La suite ? Issy-les-Moulineaux, un local dont l'extérieur avait le charme de la piscine municipale de Fleury-Mérogis mais sur le parking duquel la direction organisa une soirée concerts mémorable à l'été 1993, L'Equipe fournissant cinq orchestres (New Orleans, blues, rock, folk, jazz) jusqu'au petit matin. Puis l'Angle, inadapté à notre métier mais là encore, la rédaction parvint à s'adapter pour surmonter ce handicap. Et enfin le bâtiment jaune incognito situé boulevard de la République, au front duquel ne se détache pas de logo.
J'ai gardé en mémoire le moment où j'ai été reçu, comme mes prédécesseurs et ceux de ma génération, par M. Jacques Goddet, assis derrière son impressionnant bureau de bois Amarello jaune éclatant, véritable œuvre d'art, pour me souhaiter la bienvenue et, au fil de son monologue, faire de mon recrutement un engagement auquel j'ai tenté de rester fidèle quarante ans durant. Ah, que j'ai aimé écrire sur le rugby ! Le jeu, certes, si complexe qu'il ne s'offre pas facilement à la compréhension universelle - encore un coup des Anglais. Mais surtout ceux qui composent une rencontre, à savoir les joueurs, mais aussi les entraîneurs, les dirigeants et les bénévoles. 
Mon meilleur souvenir ? Comme les compagnons de reportage, ils sont trop nombreux pour qu'un seul sorte du lot. Le Masters toulousain en décembre 1986, l'Ellis Park de 1995, le quart de finale de Cardiff en 2007. Le pire ? L'Eden Park en 2011, à coup sûr. Pour de multiples raisons. Et plus récemment l'été 2024. Mais ce sont les rencontres qui l'emportent, devenues pour certaines - rares mais riches - des amitiés pour la vie, que les vicissitudes n'altèrent pas. 
Vous serez surpris d'apprendre que j'ai une tendresse particulière pour un compte-rendu de match entre Graulhet et Béziers, 0-0 dans la boue d'hiver de Pélissou au début des années 90 du siècle dernier, qu'il me fallut enluminer sous le faible éclairage d'un lampadaire, inconfortablement assis dans ma voiture de location, pour alimenter la tête de page de la séquence rugby, à l'époque où le journal était fier de son grand format. Mais, aux premières heures de l'informatique, il fallait transmettre son article en coinçant tant bien que mal des bonnettes sur le combiné d'une cabine téléphonique.

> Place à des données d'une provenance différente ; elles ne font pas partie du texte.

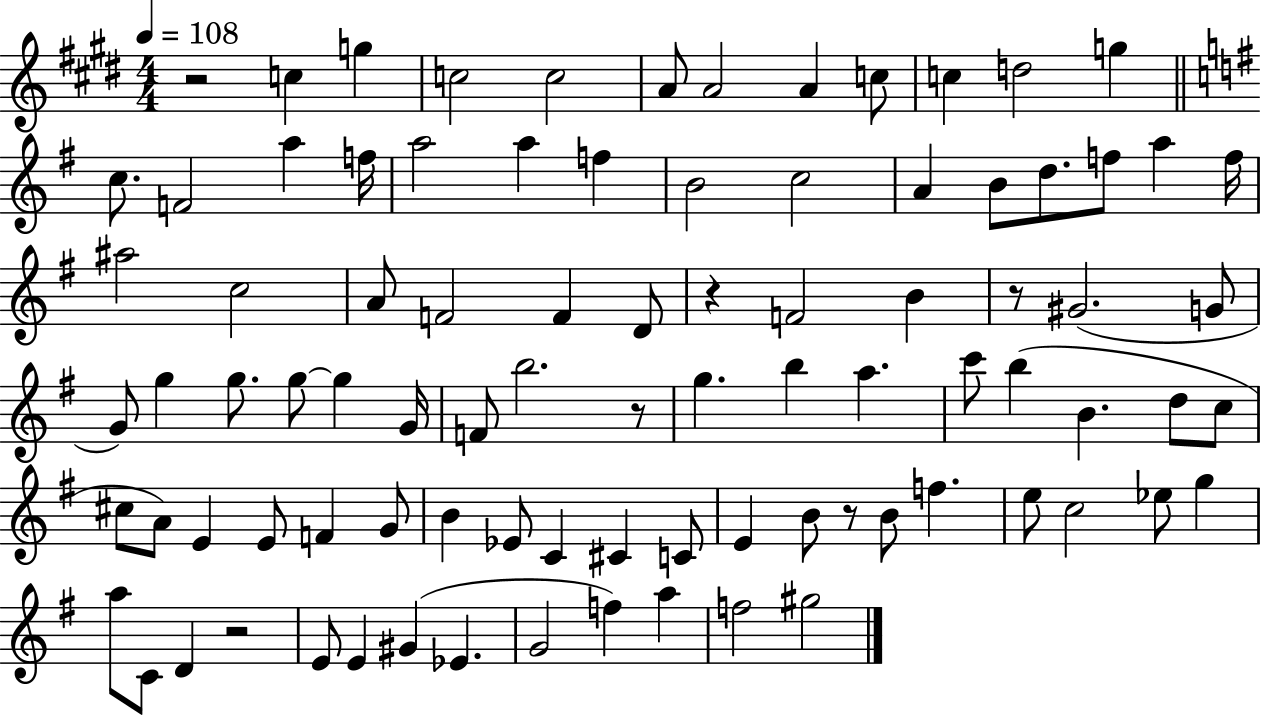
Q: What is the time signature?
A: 4/4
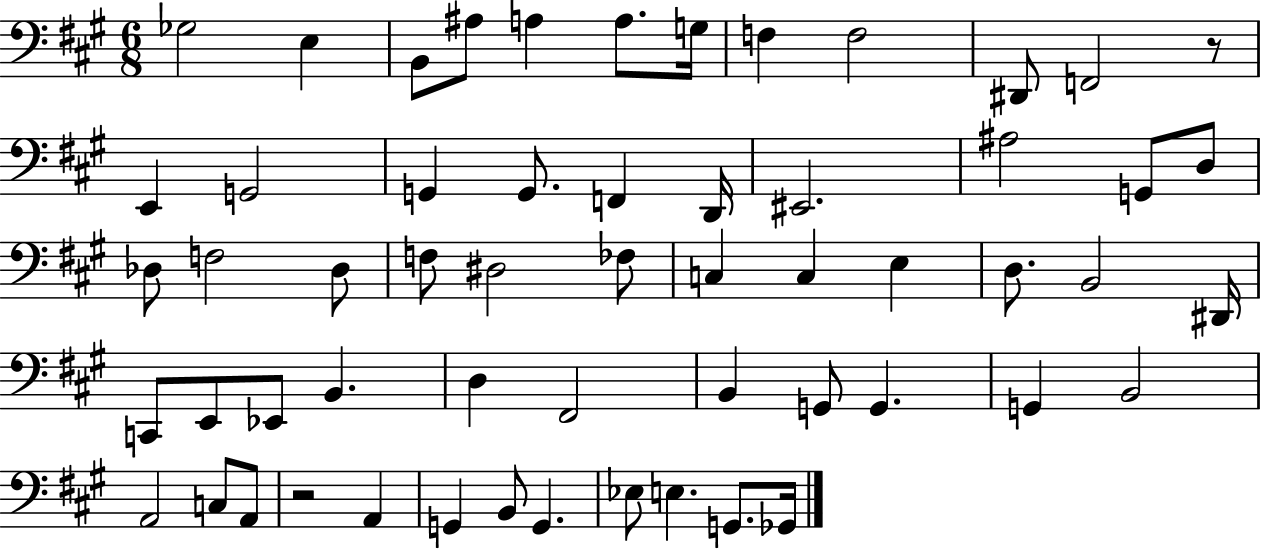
X:1
T:Untitled
M:6/8
L:1/4
K:A
_G,2 E, B,,/2 ^A,/2 A, A,/2 G,/4 F, F,2 ^D,,/2 F,,2 z/2 E,, G,,2 G,, G,,/2 F,, D,,/4 ^E,,2 ^A,2 G,,/2 D,/2 _D,/2 F,2 _D,/2 F,/2 ^D,2 _F,/2 C, C, E, D,/2 B,,2 ^D,,/4 C,,/2 E,,/2 _E,,/2 B,, D, ^F,,2 B,, G,,/2 G,, G,, B,,2 A,,2 C,/2 A,,/2 z2 A,, G,, B,,/2 G,, _E,/2 E, G,,/2 _G,,/4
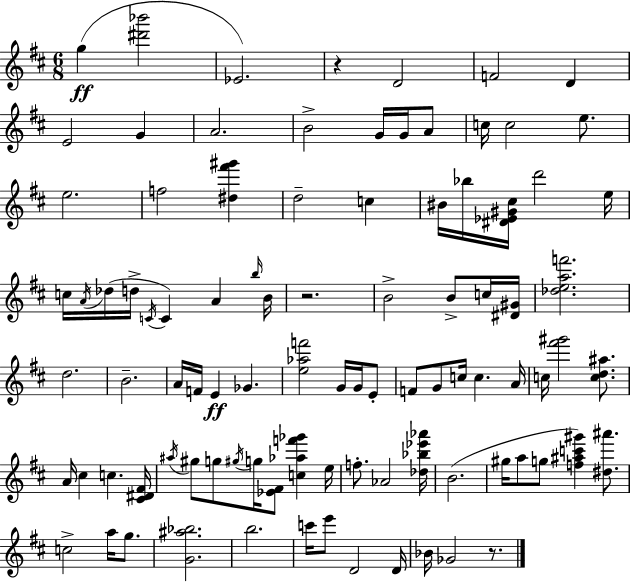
G5/q [D#6,Bb6]/h Eb4/h. R/q D4/h F4/h D4/q E4/h G4/q A4/h. B4/h G4/s G4/s A4/e C5/s C5/h E5/e. E5/h. F5/h [D#5,F#6,G#6]/q D5/h C5/q BIS4/s Bb5/s [D#4,Eb4,G#4,C#5]/s D6/h E5/s C5/s A4/s Db5/s D5/s C4/s C4/q A4/q B5/s B4/s R/h. B4/h B4/e C5/s [D#4,G#4]/s [Db5,E5,A5,F6]/h. D5/h. B4/h. A4/s F4/s E4/q Gb4/q. [E5,Ab5,F6]/h G4/s G4/s E4/e F4/e G4/e C5/s C5/q. A4/s C5/s [F#6,G#6]/h [C5,D5,A#5]/e. A4/s C#5/q C5/q. [C#4,D#4,F#4]/s A#5/s G#5/e G5/e G#5/s G5/s [Eb4,F#4]/e [C5,Ab5,F6,Gb6]/q E5/s F5/e. Ab4/h [Db5,Bb5,Eb6,Ab6]/s B4/h. G#5/s A5/e G5/e [F5,A#5,C6,G#6]/q [D#5,A#6]/e. C5/h A5/s G5/e. [G4,A#5,Bb5]/h. B5/h. C6/s E6/e D4/h D4/s Bb4/s Gb4/h R/e.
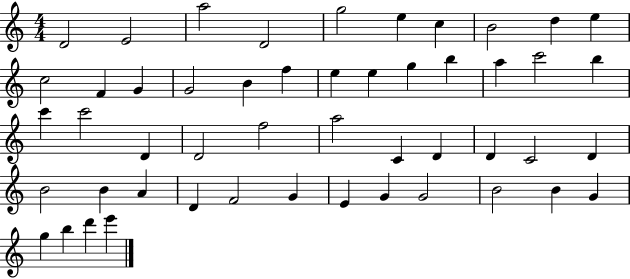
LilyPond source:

{
  \clef treble
  \numericTimeSignature
  \time 4/4
  \key c \major
  d'2 e'2 | a''2 d'2 | g''2 e''4 c''4 | b'2 d''4 e''4 | \break c''2 f'4 g'4 | g'2 b'4 f''4 | e''4 e''4 g''4 b''4 | a''4 c'''2 b''4 | \break c'''4 c'''2 d'4 | d'2 f''2 | a''2 c'4 d'4 | d'4 c'2 d'4 | \break b'2 b'4 a'4 | d'4 f'2 g'4 | e'4 g'4 g'2 | b'2 b'4 g'4 | \break g''4 b''4 d'''4 e'''4 | \bar "|."
}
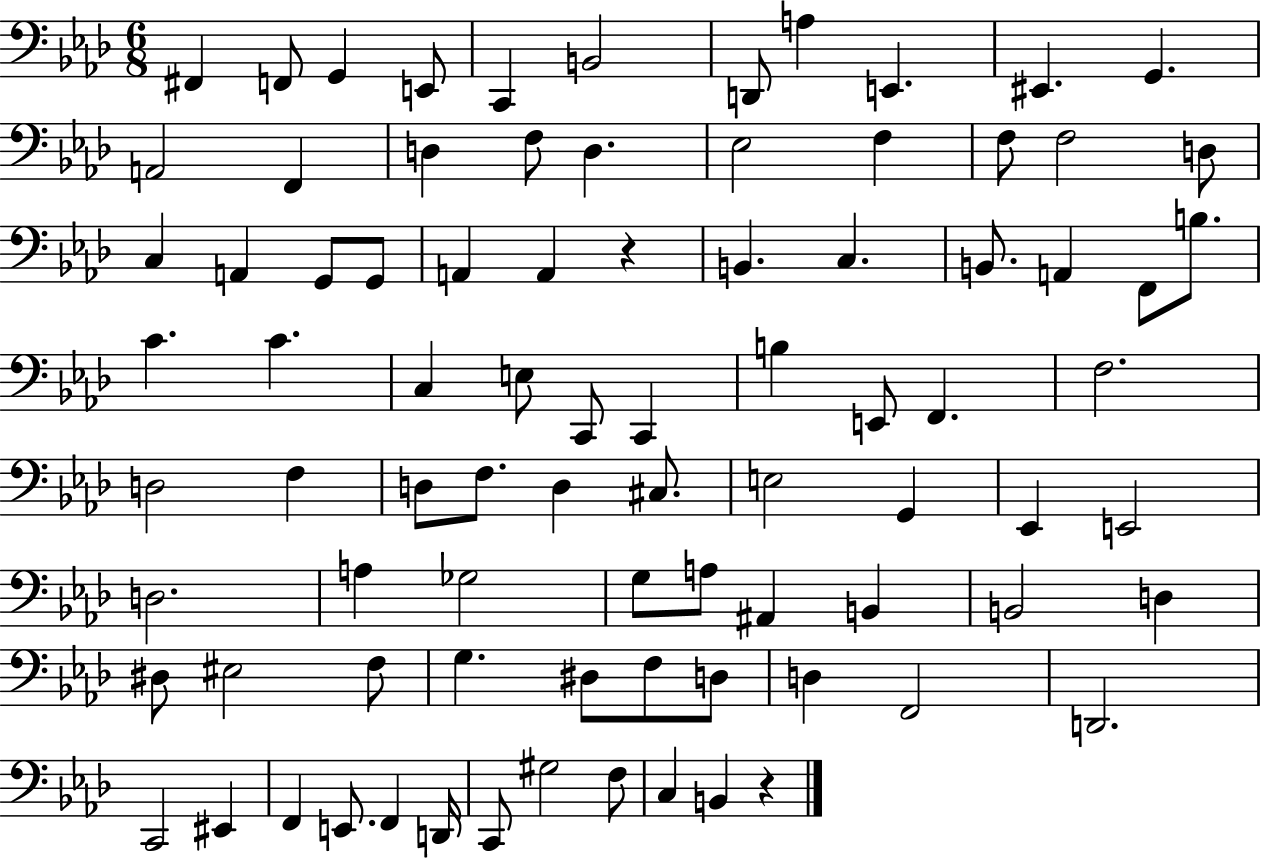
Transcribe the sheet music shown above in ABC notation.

X:1
T:Untitled
M:6/8
L:1/4
K:Ab
^F,, F,,/2 G,, E,,/2 C,, B,,2 D,,/2 A, E,, ^E,, G,, A,,2 F,, D, F,/2 D, _E,2 F, F,/2 F,2 D,/2 C, A,, G,,/2 G,,/2 A,, A,, z B,, C, B,,/2 A,, F,,/2 B,/2 C C C, E,/2 C,,/2 C,, B, E,,/2 F,, F,2 D,2 F, D,/2 F,/2 D, ^C,/2 E,2 G,, _E,, E,,2 D,2 A, _G,2 G,/2 A,/2 ^A,, B,, B,,2 D, ^D,/2 ^E,2 F,/2 G, ^D,/2 F,/2 D,/2 D, F,,2 D,,2 C,,2 ^E,, F,, E,,/2 F,, D,,/4 C,,/2 ^G,2 F,/2 C, B,, z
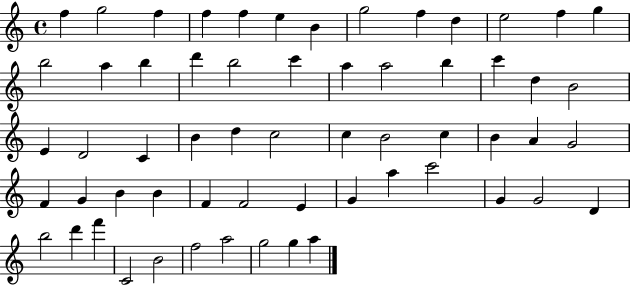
{
  \clef treble
  \time 4/4
  \defaultTimeSignature
  \key c \major
  f''4 g''2 f''4 | f''4 f''4 e''4 b'4 | g''2 f''4 d''4 | e''2 f''4 g''4 | \break b''2 a''4 b''4 | d'''4 b''2 c'''4 | a''4 a''2 b''4 | c'''4 d''4 b'2 | \break e'4 d'2 c'4 | b'4 d''4 c''2 | c''4 b'2 c''4 | b'4 a'4 g'2 | \break f'4 g'4 b'4 b'4 | f'4 f'2 e'4 | g'4 a''4 c'''2 | g'4 g'2 d'4 | \break b''2 d'''4 f'''4 | c'2 b'2 | f''2 a''2 | g''2 g''4 a''4 | \break \bar "|."
}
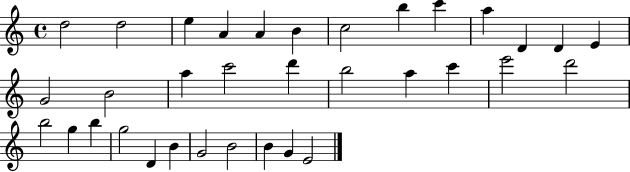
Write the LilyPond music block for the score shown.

{
  \clef treble
  \time 4/4
  \defaultTimeSignature
  \key c \major
  d''2 d''2 | e''4 a'4 a'4 b'4 | c''2 b''4 c'''4 | a''4 d'4 d'4 e'4 | \break g'2 b'2 | a''4 c'''2 d'''4 | b''2 a''4 c'''4 | e'''2 d'''2 | \break b''2 g''4 b''4 | g''2 d'4 b'4 | g'2 b'2 | b'4 g'4 e'2 | \break \bar "|."
}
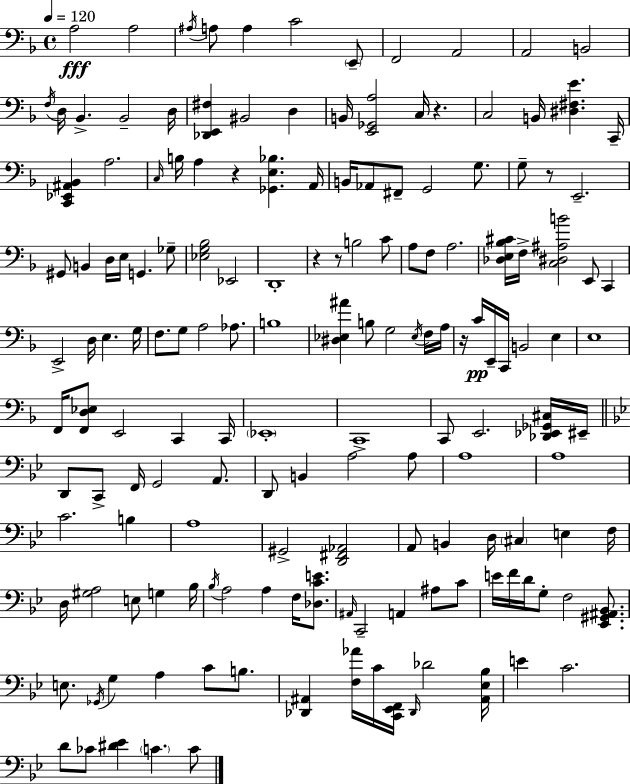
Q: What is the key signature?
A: F major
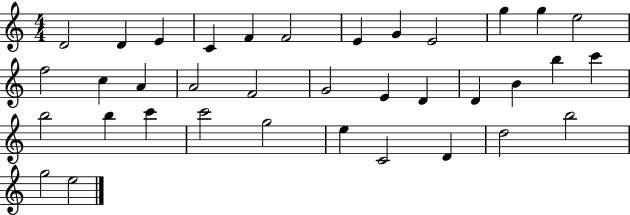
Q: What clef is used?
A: treble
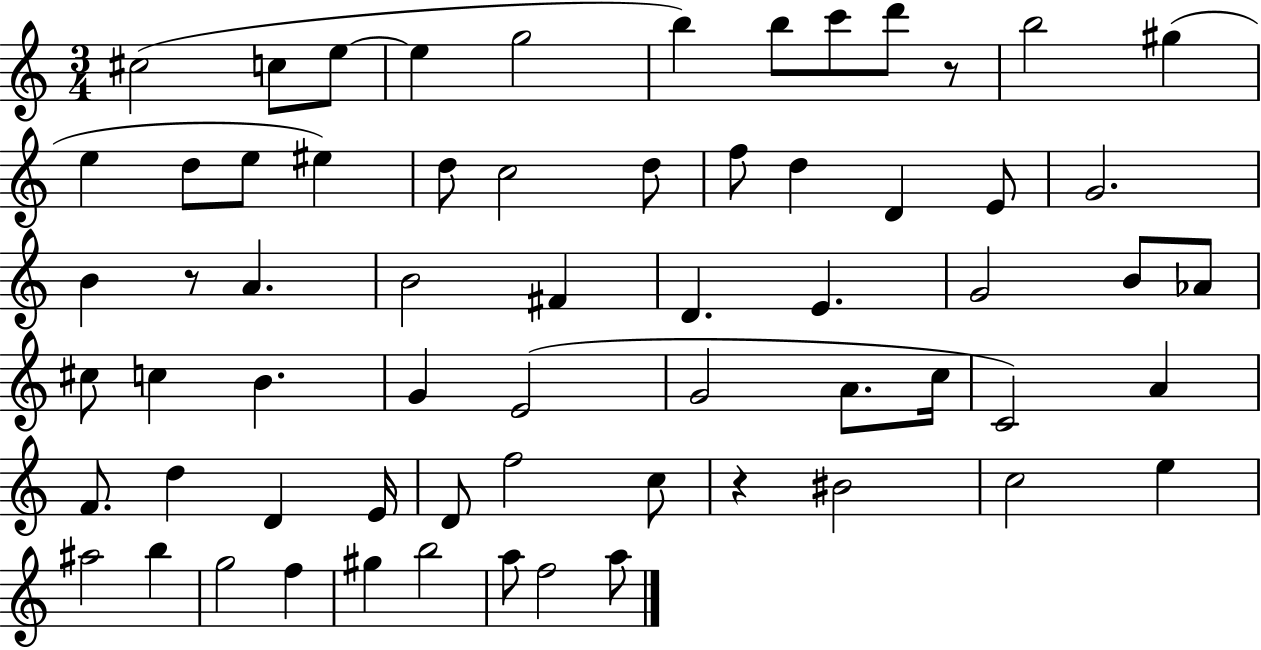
C#5/h C5/e E5/e E5/q G5/h B5/q B5/e C6/e D6/e R/e B5/h G#5/q E5/q D5/e E5/e EIS5/q D5/e C5/h D5/e F5/e D5/q D4/q E4/e G4/h. B4/q R/e A4/q. B4/h F#4/q D4/q. E4/q. G4/h B4/e Ab4/e C#5/e C5/q B4/q. G4/q E4/h G4/h A4/e. C5/s C4/h A4/q F4/e. D5/q D4/q E4/s D4/e F5/h C5/e R/q BIS4/h C5/h E5/q A#5/h B5/q G5/h F5/q G#5/q B5/h A5/e F5/h A5/e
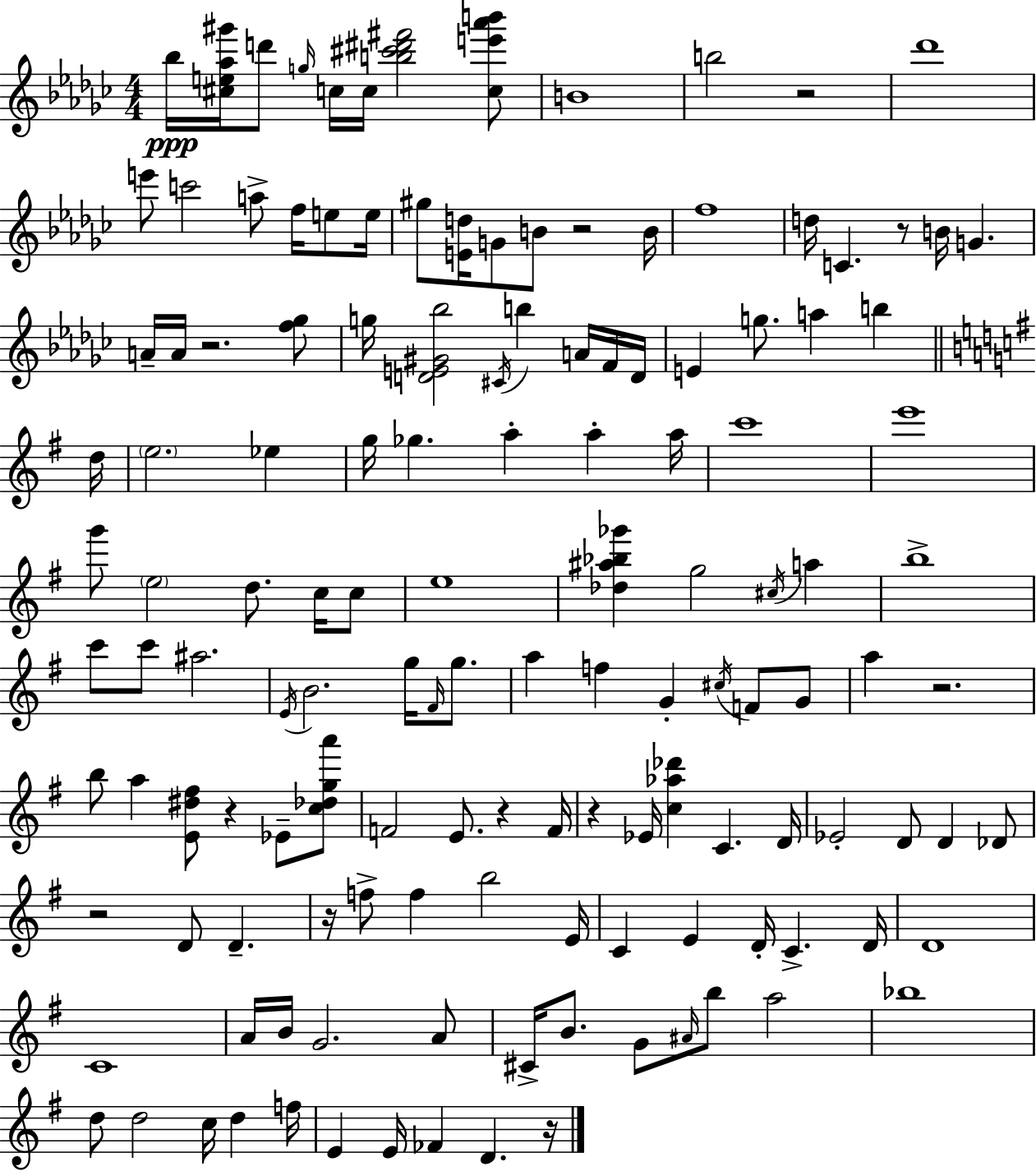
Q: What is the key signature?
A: EES minor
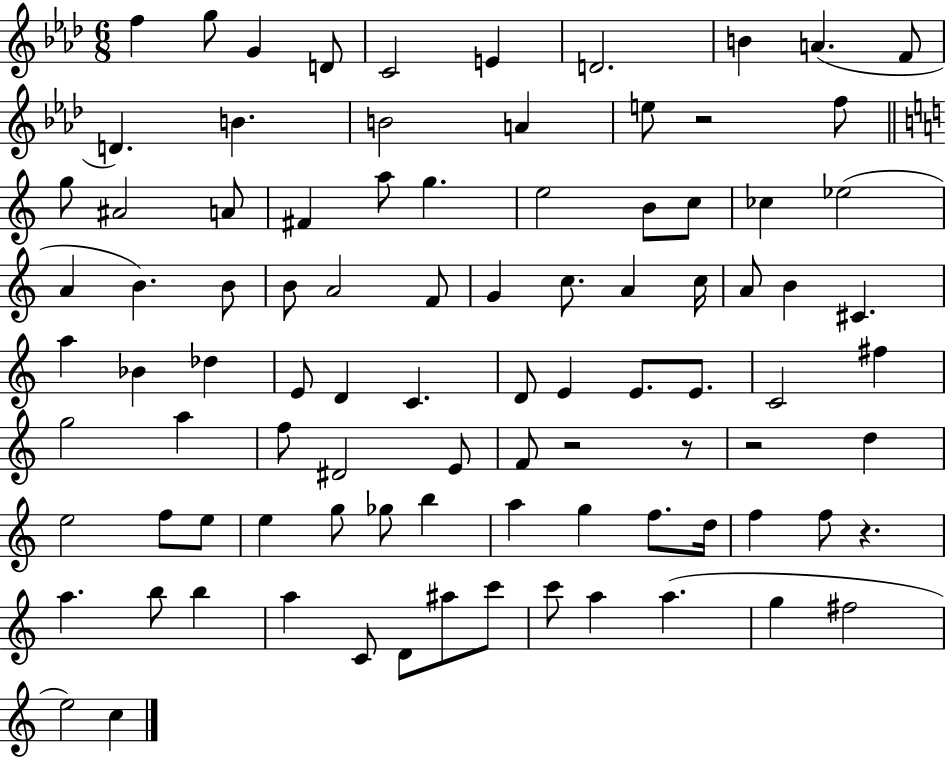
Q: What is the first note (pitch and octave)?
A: F5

Je raccroche les crayons, direction le Costa Rica plutôt que de subir l'hiver d'ici. Le castillan préfère parler de "jubilation" alors que nous évoquons une "retraite". Faut-il la prendre au sens spirituel du terme ? Me voilà devenu "El Jubilator" ! Et si d'aventure vous êtes tentés par la French Riviera au printemps ou à l'automne, nous nous croiserons peut-être. La vie a parfois quelques rebonds remarquables. Comme avec le ballon ovale qui est notre trait d'union, il ne faut pas trop attendre avant de s'en saisir.